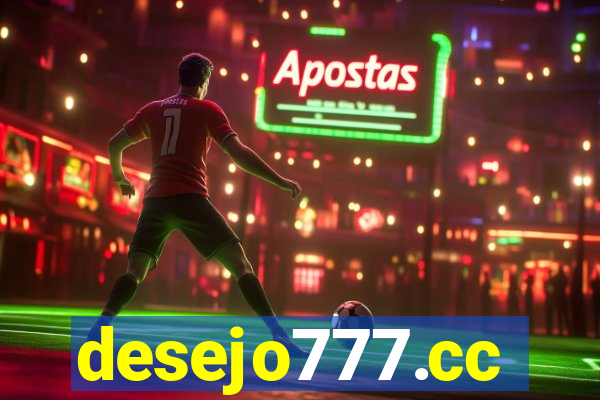 desejo777.cc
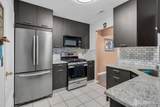 492 Bayberry Court - Photo 18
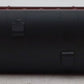 The Bethlehem Car Works BCW5221-04 HO Boston & Maine Combine Passenger Car #3674 EX/Box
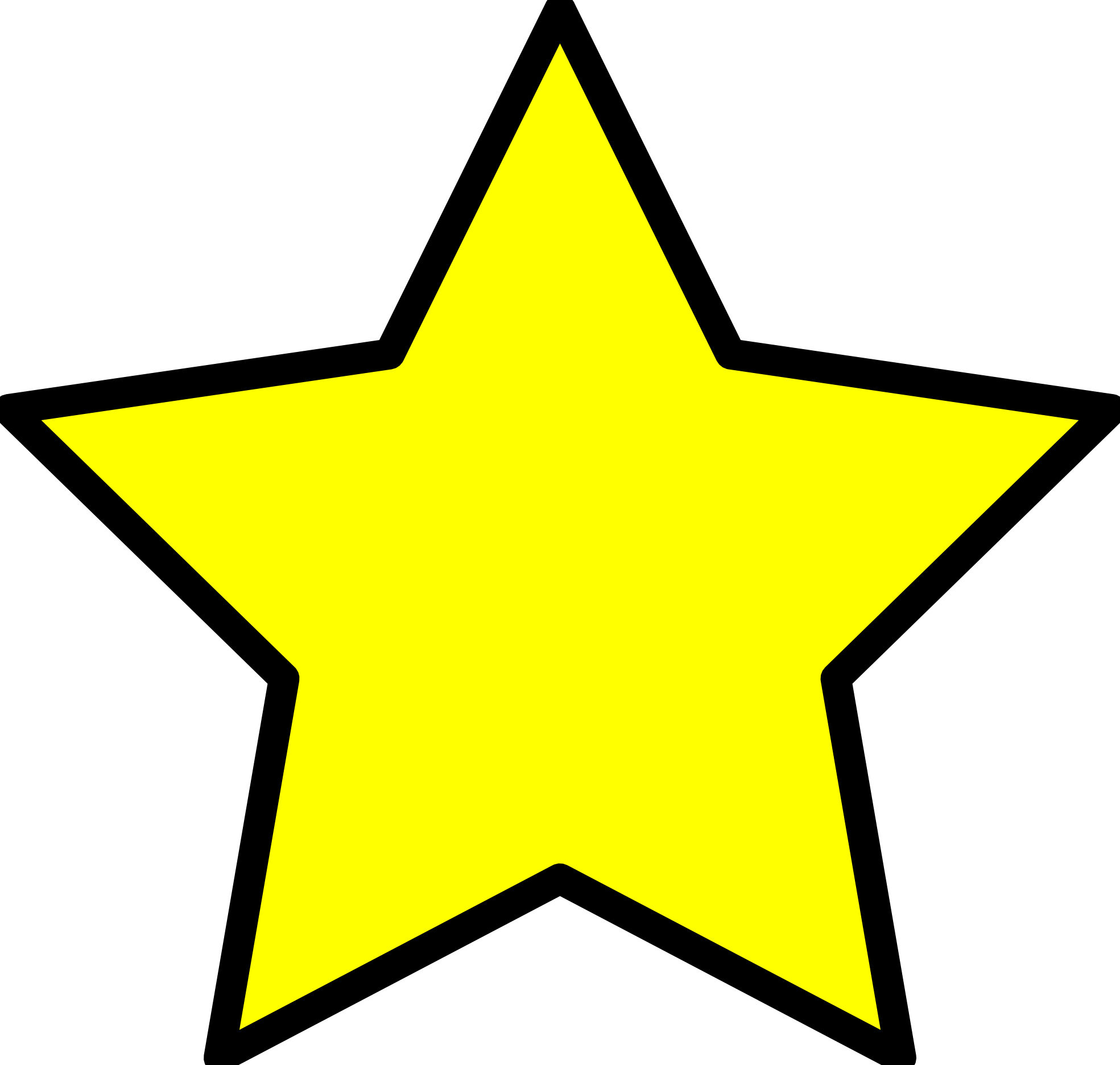 Clipart star book. Free cliparts download clip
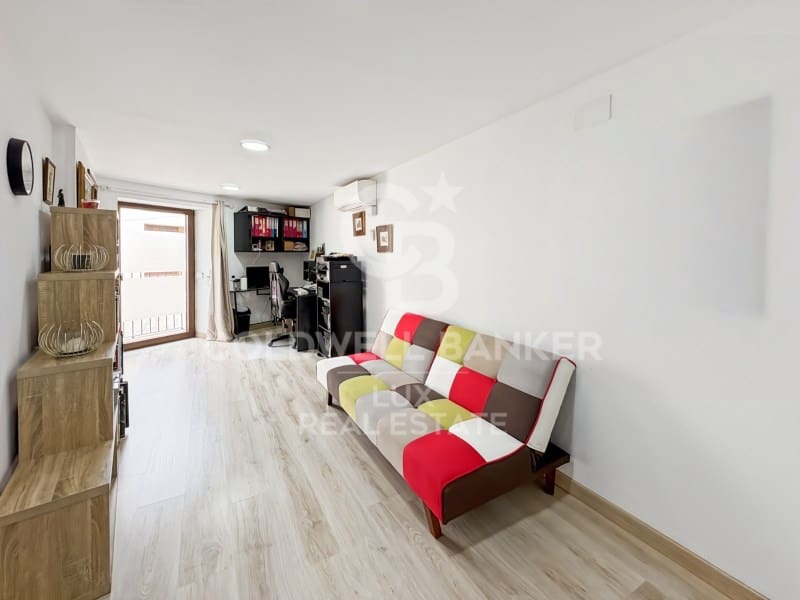 3 bedroom Townhouse for sale in Garriguella - € 309,000 (Ref: 9929037)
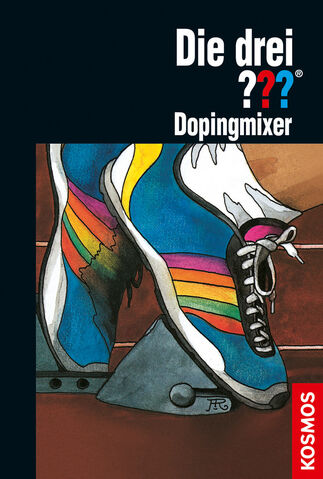 Datei:Dopingmixer drei ??? cover.jpg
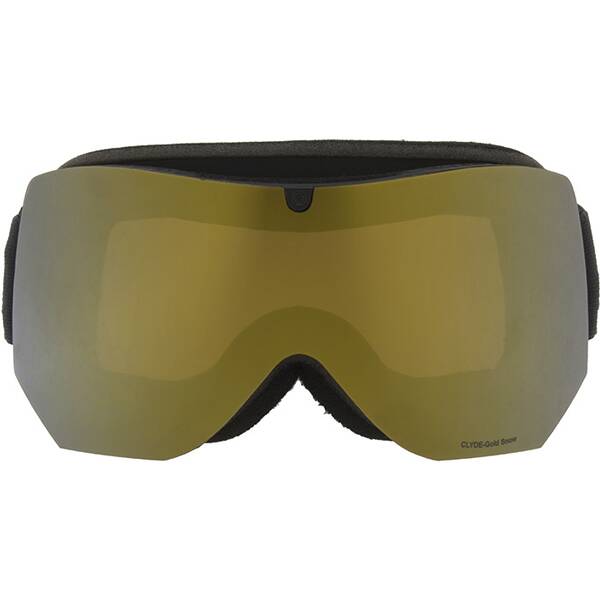 RED BULL SPECT Skibrille CLYDE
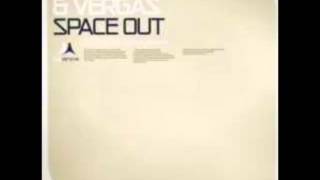 Mr. Groove & Vargas - Space Out (Dub mix)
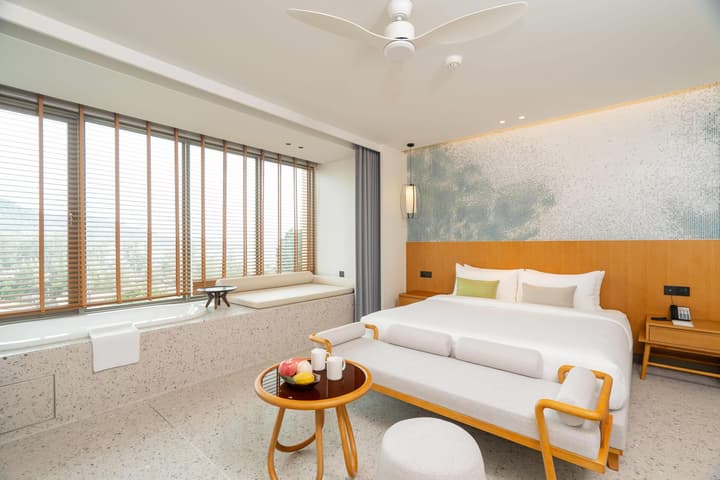 Wyndham Garden Phuket Kamala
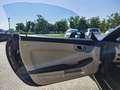 Mercedes-Benz SLK Sport SLK 200 BlueEFFICIENCY Schwarz - thumbnail 12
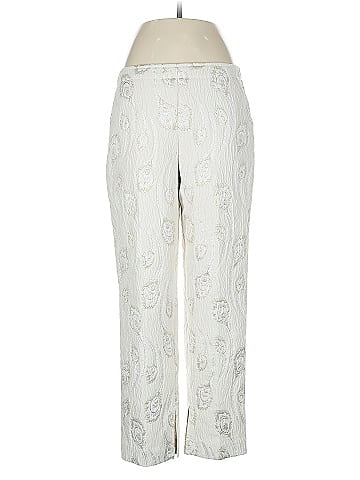 Trina Turk Casual Pants (view 1)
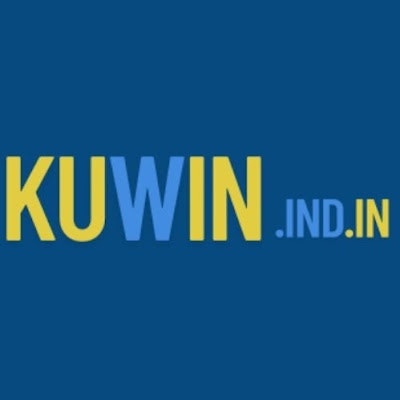 KUWIN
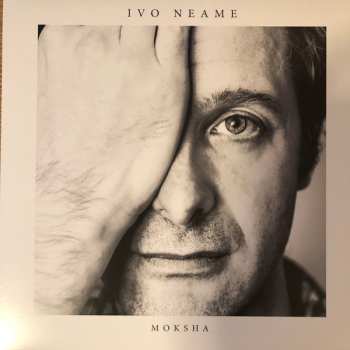 Album Ivo Neame: Moksha
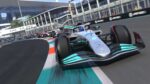 تصاویر-بازی-F1-22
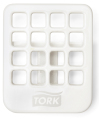 Hllare Tork Airfresh A2 Vit 4
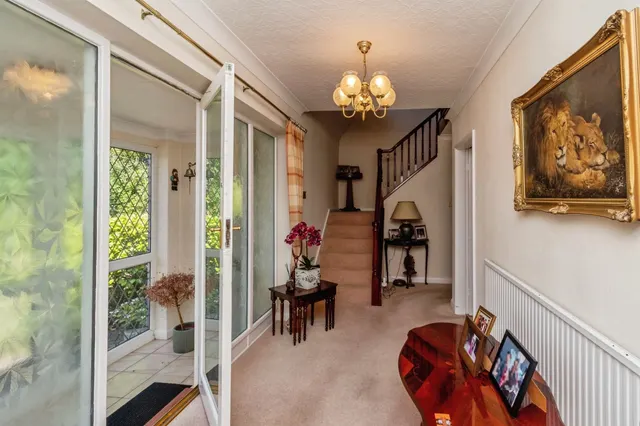 Rushall Close, Walsall, WS4, photo 3
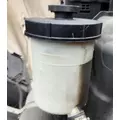 International LT625 Steering or Suspension Parts, Misc. thumbnail 3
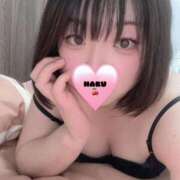 ヒメ日記 2025/08/30 14:24 投稿 ハク マドンナ(仙台)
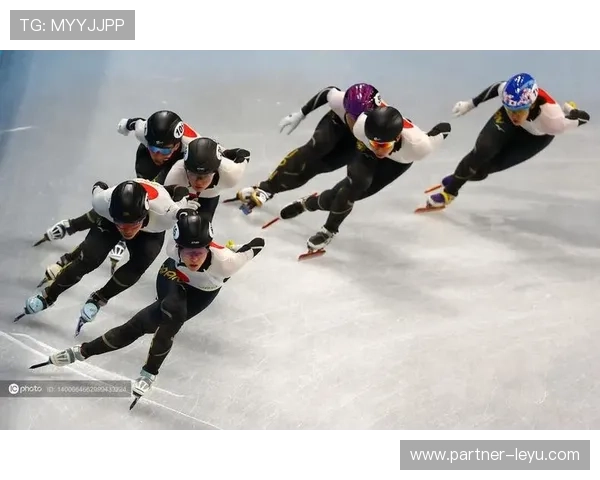 北京冬奥倒计时开启，各国运动员积极备战赛场精彩对决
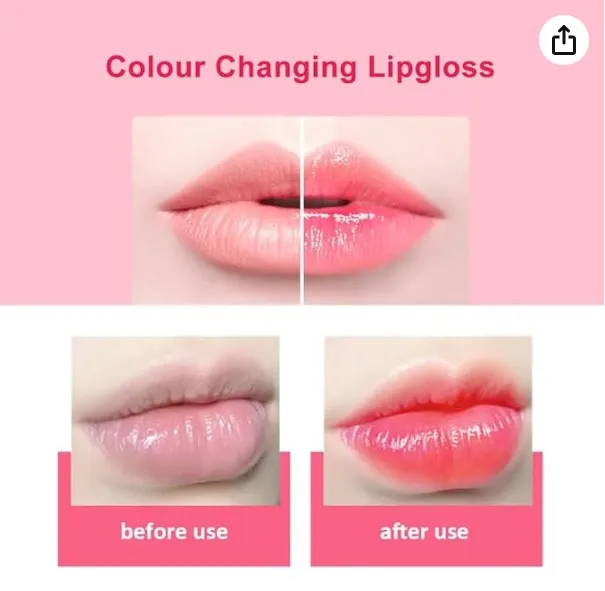Korean%20Lip%20Gloss%20For%20Girls%20,%20Transparent%20Lip%20Gloss%20For%20Lips%20-%20Image%206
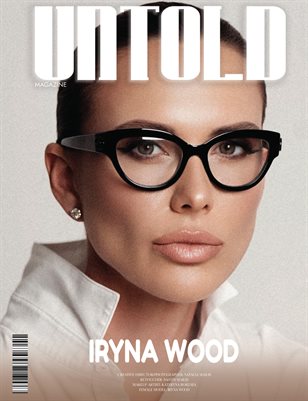 __6_JUNE_UNTOLD___ELITE__Issue15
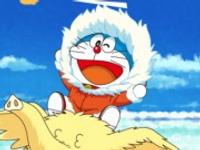 Antarctic Adventure Run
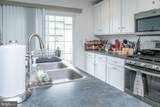 317 Quittie Park Dr L-0046 Drive - Photo 15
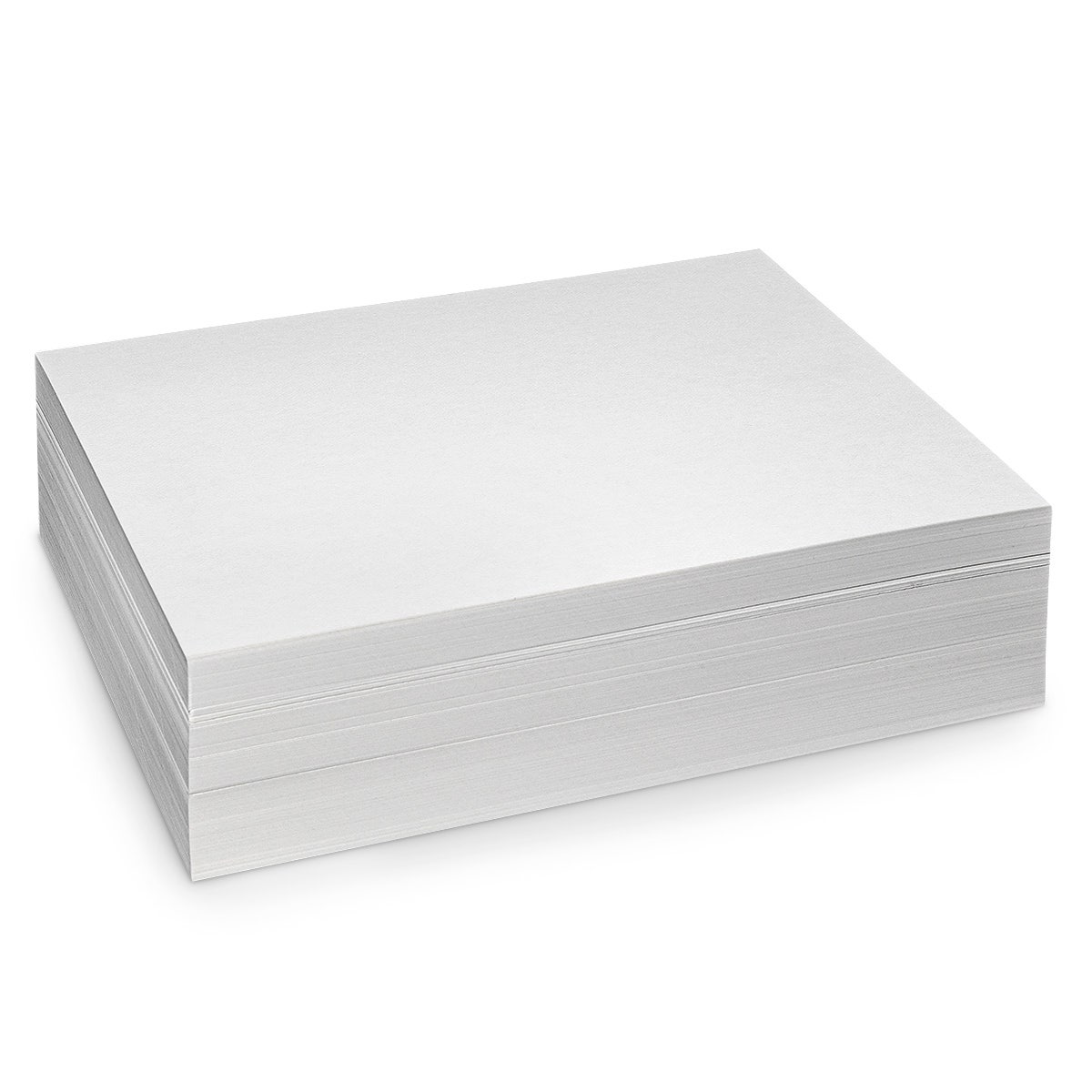 X00009730645-Pacon Ucreate® Watercolor Paper - 250 Sheets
◆ ◆ ◆ ◆ ◆ ◆ ◆
An exact copy of the data is required, with the pictures excluded.

 desejo777.cc
 492 Bayberry Court - Photo 18
 The Bethlehem Car Works BCW5221-04 HO Boston & Maine Combine Passenger Car #3674 EX/Box
 Clipart star book. Free cliparts download clip
 3 bedroom Townhouse for sale in Garriguella - € 309,000 (Ref: 9929037)
 Datei:Dopingmixer drei ??? cover.jpg
 RED BULL SPECT Skibrille CLYDE
 Mr. Groove & Vargas - Space Out (Dub mix)
 Wyndham Garden Phuket Kamala
 Mercedes-Benz SLK Sport SLK 200 BlueEFFICIENCY Schwarz - thumbnail 12
 Trina Turk Casual Pants (view 1)
 KUWIN
 Album Ivo Neame: Moksha
 تصاویر-بازی-F1-22
 Hllare Tork Airfresh A2 Vit 4
 Rushall Close, Walsall, WS4, photo 3
 International LT625 Steering or Suspension Parts, Misc. thumbnail 3
 ヒメ日記 2025/08/30 14:24 投稿 ハク マドンナ(仙台)
 北京冬奥倒计时开启，各国运动员积极备战赛场精彩对决
Korean%20Lip%20Gloss%20For%20Girls%20,%20Transparent%20Lip%20Gloss%20For%20Lips%20-%20Image%206
 __6_JUNE_UNTOLD___ELITE__Issue15
 Antarctic Adventure Run
 317 Quittie Park Dr L-0046 Drive - Photo 15
 X00009730645-Pacon Ucreate® Watercolor Paper - 250 Sheets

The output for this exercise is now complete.